Once past Folsom, the road starts to climb into the Sierra foothills. The big range has a wide western fringe of older rocks, much of them about 160 million years old from Jurassic time. The great batholiths of white Sierran granite are farther east, where this older cover has mostly eroded away. The rocks you’ll see are the type that yielded California’s hard-rock gold. Here’s the geologic map of that part of the route.
The Mother Lode is a string of gold-bearing quartz veins and related rocks that stretches along the Melones fault zone. That’s where Placerville is. This route also goes through Coloma, where the Gold Rush began in 1848. That gold was nuggets in the river gravel, or placer (“PLASS-er”) gold.
The beginning and the end of the route on the geologic map goes through the Smartville complex, which is the remains of an old volcanic island chain that collided with ancient California in Jurassic time. You won’t see it in the landscape, but the rocks around Shingle Springs conceal a major fault inside the complex. There’s some very nice slate to be found there . . .
and peridotite, from deep in the ocean crust, with its distinctive density, dark-green color and rusty weathering rind. Serpentine is abundant here too.
Placerville features lots of history from its days as a Gold Rush center. Some of the history lurks just off the main street in the form of cryptic diggings and other structures.
More formally, you can tour the workings of a former gold mine just north of town at Gold Bug Park. This stamp mill at the park was used to pound the gold-bearing rock into powder for processing.
Another destination I can recommend is Lava Cap Winery, northeast of town. The Sierra foothills are a thriving wine region, but Lava Cap was founded by a retired geologist, the late David Jones of the U.S. Geological Survey. His deep knowledge of rock, soil and terrain informs the wide variety of grapes grown on the property, and lots of Bay Area geologists consider it something of a pilgrimage.

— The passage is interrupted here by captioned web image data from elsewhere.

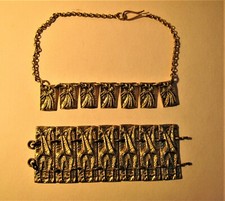 Collier et bracelet années 60 formant parure : Buffet, Cocteau, Soutine......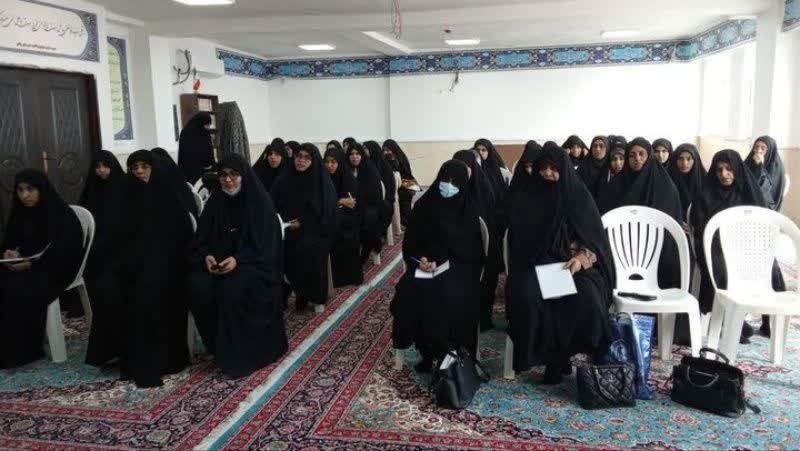 بازدید مدرسه علمیه فاطمیه ریگان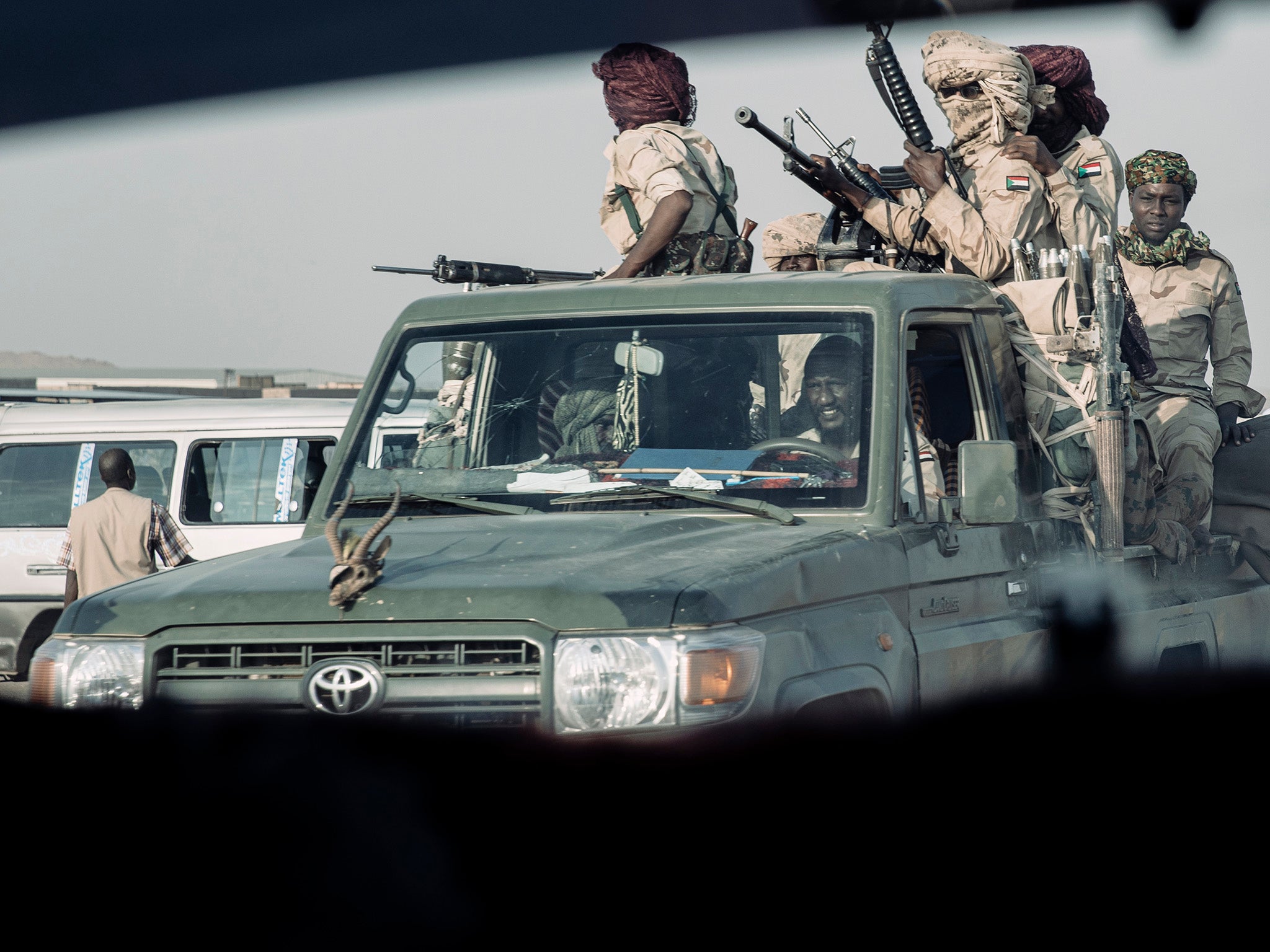 The paramilitary Rapid Support Forces, which have their origins in the Janjaweed militia group or devils on horseback, which disbanded following the Darfur Peace Agreement of 2011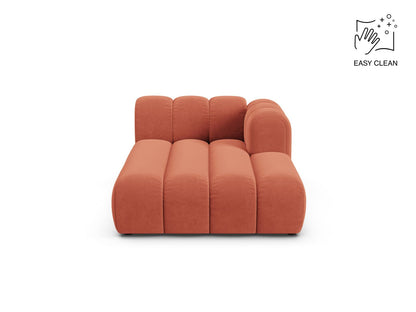 Lupine Chaise Longue, 2 Seats, 117x177 cm — Coral / Right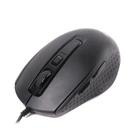 Мишка оптична Maxxter Mc-335, USB, 1600 dpi, чорного кольору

The rest of the trip takes state route 49 through the tiny town of Coloma, where a state historic park recalls the earliest days of the Gold Rush. An outdoor museum houses exhibits including this menacing “monitor,” which once directed huge streams of water against gravel hillsides to yield the bulk of California’s placer gold production.
Across the South Fork American River, next to the bridge, is a public gold-panning zone where you can seek your own nuggets—and get your feet nice and cold.
This part of the route runs through a small body of granite, which makes for a picturesque countryside as you head north.
Just past the village of Cool, you’ll enter the big gorge of the main American River. The river crossing is a popular spot for boaters and soakers of feet. The old rail bridge downstream from the highway, built around 1900, is reserved for pedestrians today. And of course the rocks, scoured by regular floods, are beautifully displayed.
From here a steep climb out of the American River gorge brings you to Auburn and the freeway. Now you can return from taking time to making time.